Let the record show you're looking at a lineup that has Eric Thames playing defense and Franklin Gutierrez not playing defense. The Mariners might be beaten only by their own hubris.
Starting on the mound for the Mariners will be Jon Garland, opposite beloved homely ace Matt Cain. Garland is pitching in a competitive game for the first time in like a year and a half, and if he looks good, observers will be like "wow, he looks like Jon Garland again!" and Jon Garland when he was healthy was only all right. Observers can be easily wowed. Alternatively, we should all be wowed by all big-league baseball players, because almost everything they do is amazing, including Jon Garland and Jon Garland's pitches. They're not the ones who aren't good enough. We're the ones who aren't appreciative enough.
After Garland will be Blake Beavan for a while, then Erasmo Ramirez and Tom Wilhelmsen and Carter Capps and Yoervis Medina and Chance Ruffin. Three starting rotation candidates will pitch today in the same game, consecutively. Then two bullpen candidates will pitch consecutively, then two not-bullpen-candidates will pitch consecutively. Oh dear, it's almost game time, I better just publish this now! Away I go!

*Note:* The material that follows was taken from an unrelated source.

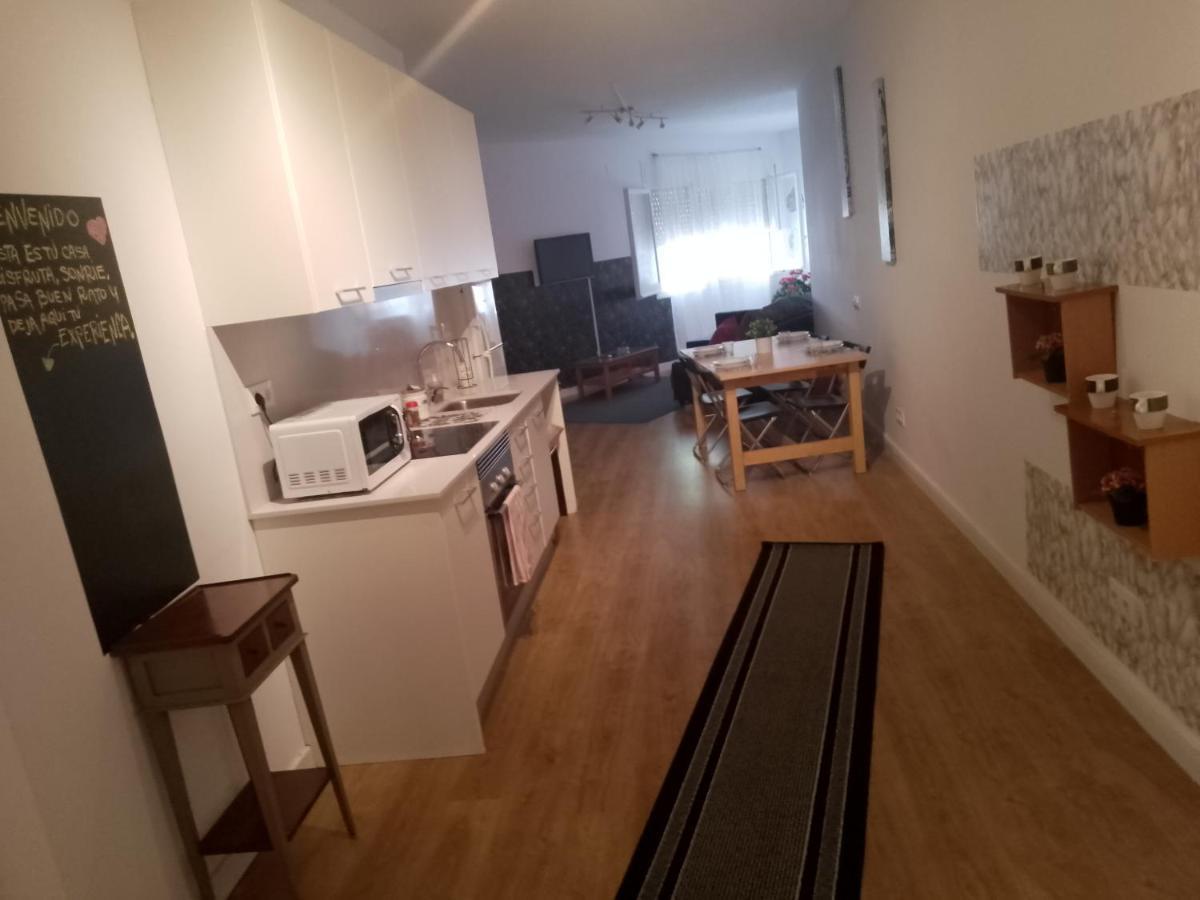 Mi Casa Es Tu Casa Apartment *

Oh also Felix threw a little bit today to minor leaguers and he was good by whatever standards there are for that sort of thing. So if you were worried that Felix Hernandez might not exist, that he was a figment of your imagination all along as your brain desperately scrambled to make the Mariners somewhat worthwhile, either you can rest easy, or you and the rest of us are still actively imagining.